In order to mitigate any potential issues that may arise as a result of any changes that may impact businesses planning is essential. Businesses need to conduct a review of all aspects of their business that have any links to the EU and formulate a strategy to cope with these changes.
2. Think about your customers
Many businesses in the UK will have a customer base that includes individuals from within the EU. Prior to Britain’s exit from the EU businesses need to think about their customers and how they will be affected by the changes resulting from Brexit. This may include looking at potential customer base that may exist in other areas of the world, outside of the EU for example.
3. Supply chain
Another aspect that also needs to be considered is that of the supply chain within businesses. Additional licenses for exporting and importing within the supply chain may be required as a result of Brexit and it is important that this is considered before any changes take place. This helps to ensure that businesses are prepared for what lies ahead and therefore can avoid disrupting operations.

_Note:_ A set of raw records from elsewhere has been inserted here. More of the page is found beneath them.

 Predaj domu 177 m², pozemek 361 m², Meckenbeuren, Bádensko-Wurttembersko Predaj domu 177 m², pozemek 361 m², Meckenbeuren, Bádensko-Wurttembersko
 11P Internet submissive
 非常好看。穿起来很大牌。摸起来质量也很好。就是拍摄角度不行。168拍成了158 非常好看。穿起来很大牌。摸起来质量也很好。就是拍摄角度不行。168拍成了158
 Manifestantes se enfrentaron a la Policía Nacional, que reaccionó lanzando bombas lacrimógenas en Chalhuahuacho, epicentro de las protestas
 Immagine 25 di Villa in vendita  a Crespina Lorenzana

It is also important to consider the changes in regulation that may occur as a result of Brexit. At the moment the UK is subject to the regulation imposed by the EU. These regulations may not continue to be enforced in the UK and therefore businesses need to be able to adapt to any changes in regulation that may apply to them in the UK post Brexit.
One significant change in legislation is the UK Data Protection Bill to the House of Lords, which will bring the European Union’s General Data Protection Regulation (GDPR) in to UK law. Read more about GDPR.

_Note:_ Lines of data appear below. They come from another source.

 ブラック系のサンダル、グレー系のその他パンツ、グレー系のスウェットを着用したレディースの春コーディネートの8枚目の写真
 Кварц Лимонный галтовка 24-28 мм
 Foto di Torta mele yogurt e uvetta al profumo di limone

Although it is not yet clear what the effect of Brexit will be on EU citizens living in the UK, it is important that businesses identify the members of their staff that will be affected and how they can help. In addition to this, businesses need to plan for the future and look at their recruitment plans. If it is likely that EU nationals will be hired in the future businesses need to gain an understanding of the immigration application process in order to be able to provide the best support to applicants.
6. Data protection
As of May 2018 the EU’s new General Data Protection Regulation (GDPR) will come into effect and replace the existing Data Protection Act. As the UK will still be a member of the EU at this point businesses in the UK must conform to this regulation. However, once the UK leaves the EU GDPR will apply to UK citizens’ data, and it will still apply to any businesses possessing data regarding EU citizens or businesses. This means businesses in the UK need to ensure that they comply with the demands of this legislation or face the risk of large fines if found to be non-compliant.
7. Data Sovereignty
According to the research conducted by Serviceteam IT, 62% of respondents listed GDPR as the biggest challenge to their IT plans over the next 3 years. With the advance in the adoption of the cloud, many businesses have data stored in data centres across the globe. Businesses need to be aware of the data sovereignty of their data in order to ensure that it complies with the appropriate regulation. Data concerning EU citizens stored in the US for example still needs to comply with GDPR.
There are a number of immediate steps that businesses can take in order to get ahead in the lead up to Brexit. A wait and see strategy is not an option for businesses in the UK and leaders of businesses need to look outwards to identify both the opportunities and challenges Brexit brings with it. Preparation and adaptability are key in order to succeed in this time of uncertainty.